On average, the team’s fundraising intake was twice the total of its allotted budget.
O’Neil quickly got to work rebuilding the UNCP baseball program in light of Dr. Meadors’ challenge. It wasn’t a smooth process at first, as his team’s record fluctuated around the .500 benchmark through his first few seasons at the helm.
He had a familiar face join his staff as an assistant coach. Hedrick wasn’t a full-time employee with the school, making a small amount of money helping with UNCP’s intramural program. His work as a coach was essentially done on a volunteer basis.
Early in O’Neil’s career, the coaches cut the grass at the baseball field themselves. At that time, they did not have access to high-quality lawnmowers that were capable of striping the field. Instead, they pulled a drag behind the lawnmower that gave the field a striped look.
“The people that worked here, they couldn’t understand how we were striping the field,” O’Neil said. “Ray used to tell them that we had a magic Gravely. The physical plant gave us the worst lawnmower they had in their whole fleet… He told them that the one they gave us was the magic Gravely.”
In one instance, however, the magic Gravely landed the pair in a bit of trouble.

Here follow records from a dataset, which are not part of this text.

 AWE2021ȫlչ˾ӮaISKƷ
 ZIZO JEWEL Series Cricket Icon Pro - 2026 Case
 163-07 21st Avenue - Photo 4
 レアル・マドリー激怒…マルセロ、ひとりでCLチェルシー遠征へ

In the midst of O’Neil’s first year with the program, Hedrick was out mowing the field one night. At the time, the coaches had access to just one set of keys for a number of essential utilities, including the field’s light switches and storage rooms.
Hedrick had that particular set of keys tied to the drawstring of his shorts that night due to his lack of pockets. While cutting the grass, he saw the keys fall off of his lap and onto the fields. Hedrick then made a critical mistake: instead of retrieving the keys immediately, he committed to picking them up on his way back around.

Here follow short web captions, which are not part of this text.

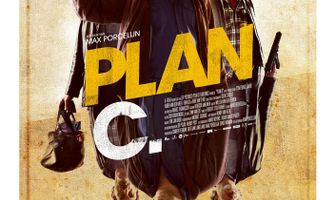 Plan C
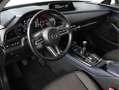 Mazda CX-30 2.0 e-SkyActiv-X M Hybrid Comfort Noir - thumbnail 2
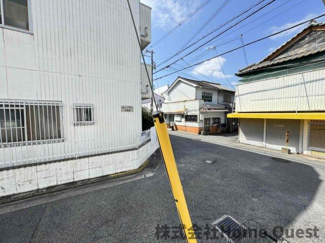 【展望】 | YM HOUSE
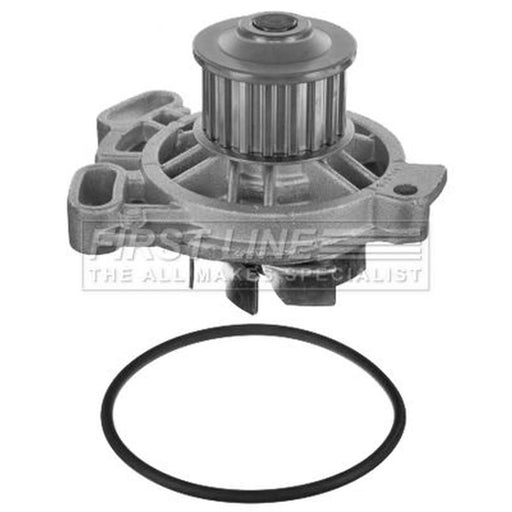 First Line Engine Cooling Water Pump FWP1512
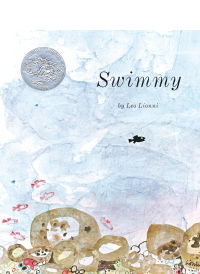Swimmy by Leo Lionni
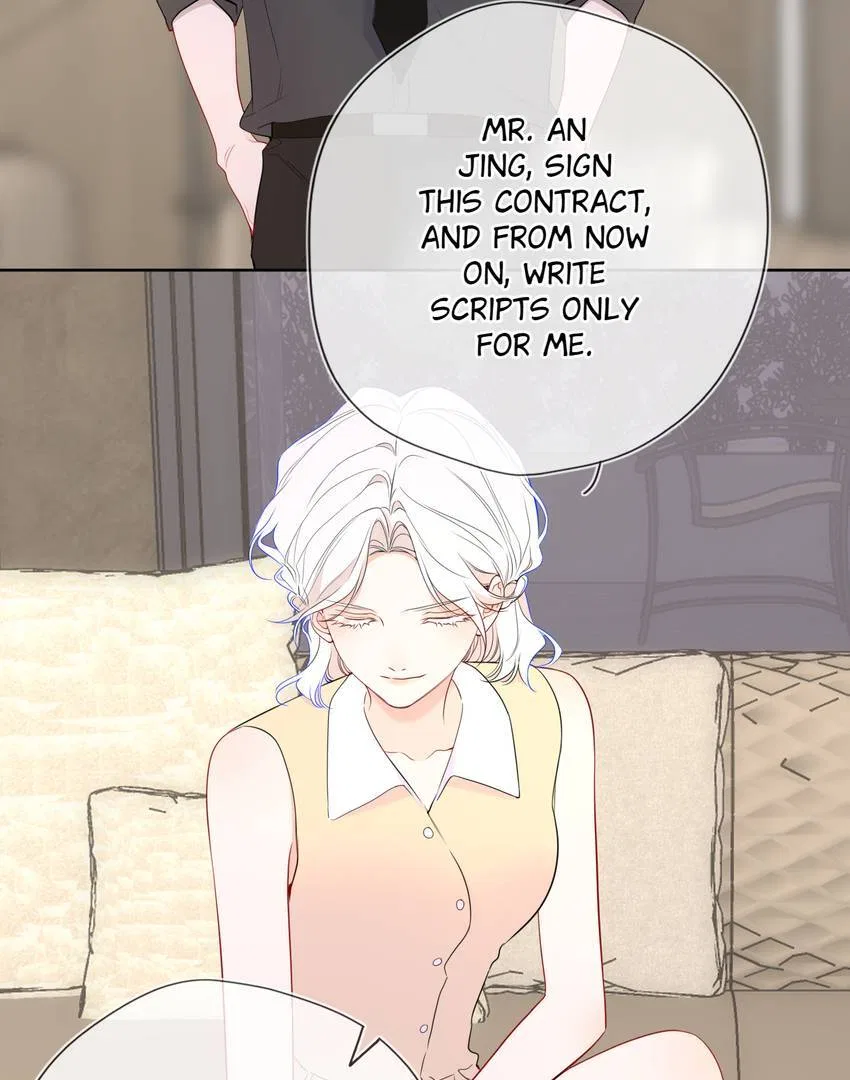 The Stars and I Chapter 216 – Page 26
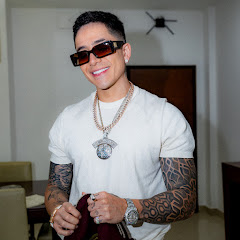 Andy Rivera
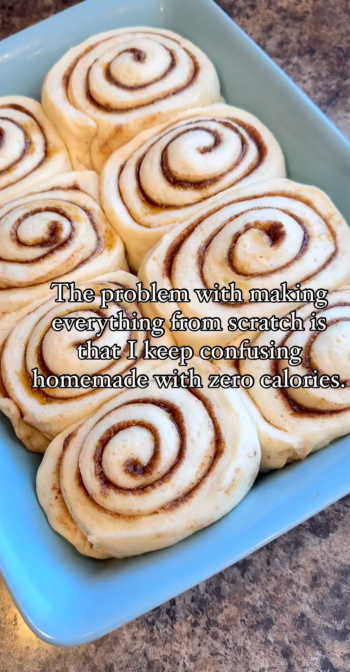 1741395019077.png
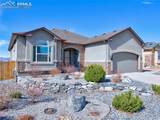 7090 Silver Buckle Drive - Photo 2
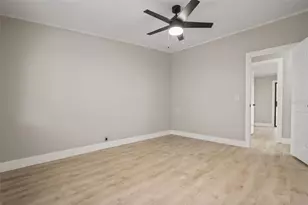 3928 N Citrus Cir, Zellwood, FL 32798 - Photo 19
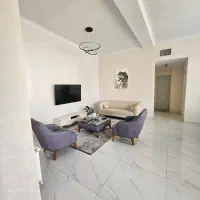 مهرشهر کوی مهر ۸۵ متر فول بازسازی اکازیون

“I guess he forgot which spot they were in or he didn’t see them, and he runs right over them,” O’Neil said. “He’s got every key on there. He’s got his car keys, house keys, office keys. It’s not like it was just a light key. It’s every key.”
The two were able to break into Hedrick’s car and find his spare key, allowing them to return home for the night. The light key, however, was never found. As a result, the baseball field’s lights remained on all night.

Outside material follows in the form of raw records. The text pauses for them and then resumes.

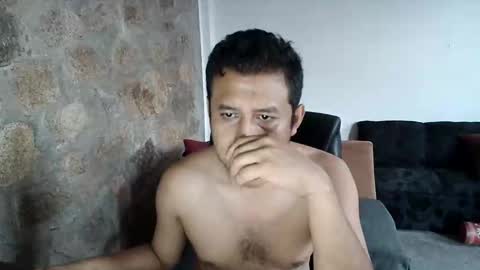 mexatre online show from 04-18-26, 12:31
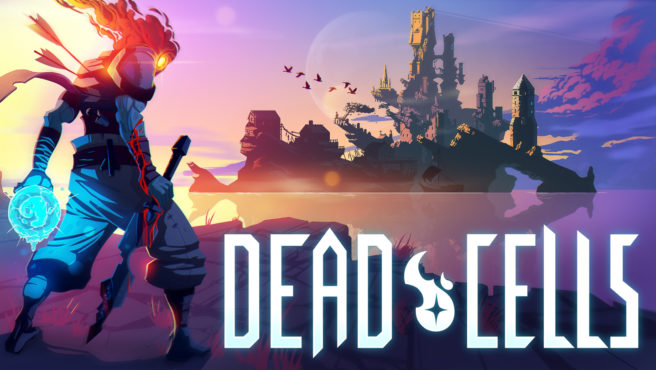 【ᐅᐅ】Meisterverkaufte IndieSpiele seit bestehen der Nintendo Switch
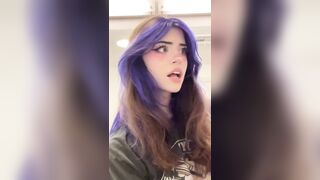 Hannahowo (hannah) Onlyfans Fans Leaks 19 yo Content Creator  39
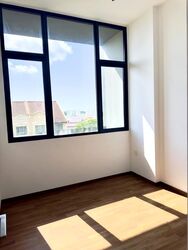 Parc Komo (D17), Apartment #499745571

O’Neil and Hedrick, who is now the head coach at Randolph-Macon College, learned a valuable lesson from that experience It was one of many lessons that O’Neil endured while molding the program into a contender.
One of the biggest lessons, however, came from Kenney. During one of O’Neil’s first few years coaching the team, the two sat down for a conversation.
“I was in his office and I was complaining,” O’Neil said. “I was complaining about my team, about how we weren’t any good, or this kid wasn’t going to class, the problems I was having.”
“He told me, ‘This is the best team that you’re going to coach all year’.”
That quote has never left the coach’s mind.
“It was basically, suck it up and figure it out on what you have to do to make this team better,” O’Neil said. “Coach this team as hard as you can. If you want to make a change with somebody, you have to recruit someone else to make a change. But complaining about it is not going to get us any better.”
The baseball team that O’Neil oversees today is nothing like the one that he took over years ago. The Braves are routinely contenders in the Peach Belt Conference and have established themselves on a national level. Last season, UNCP’s 41-17 record qualified as the second-most victories in program history.
O’Neil has tallied over 600 victories in his head coaching career, with more than 500 of those wins coming at UNCP. His record of success has earned him the respect of his players as well as many fans that have seen the team develop over the years.
During the team’s postseason run last season that saw them reach the NCAA Southeast Regional, a hashtag that served as a tribute to O’Neil became viral among the UNCP community. #DoItFor6, a reference to O’Neil’s jersey number, circulated on Twitter as the Braves progressed through the playoffs.
The man Kenney once hired to change a program’s culture is now the man UNCP baseball players want to win for.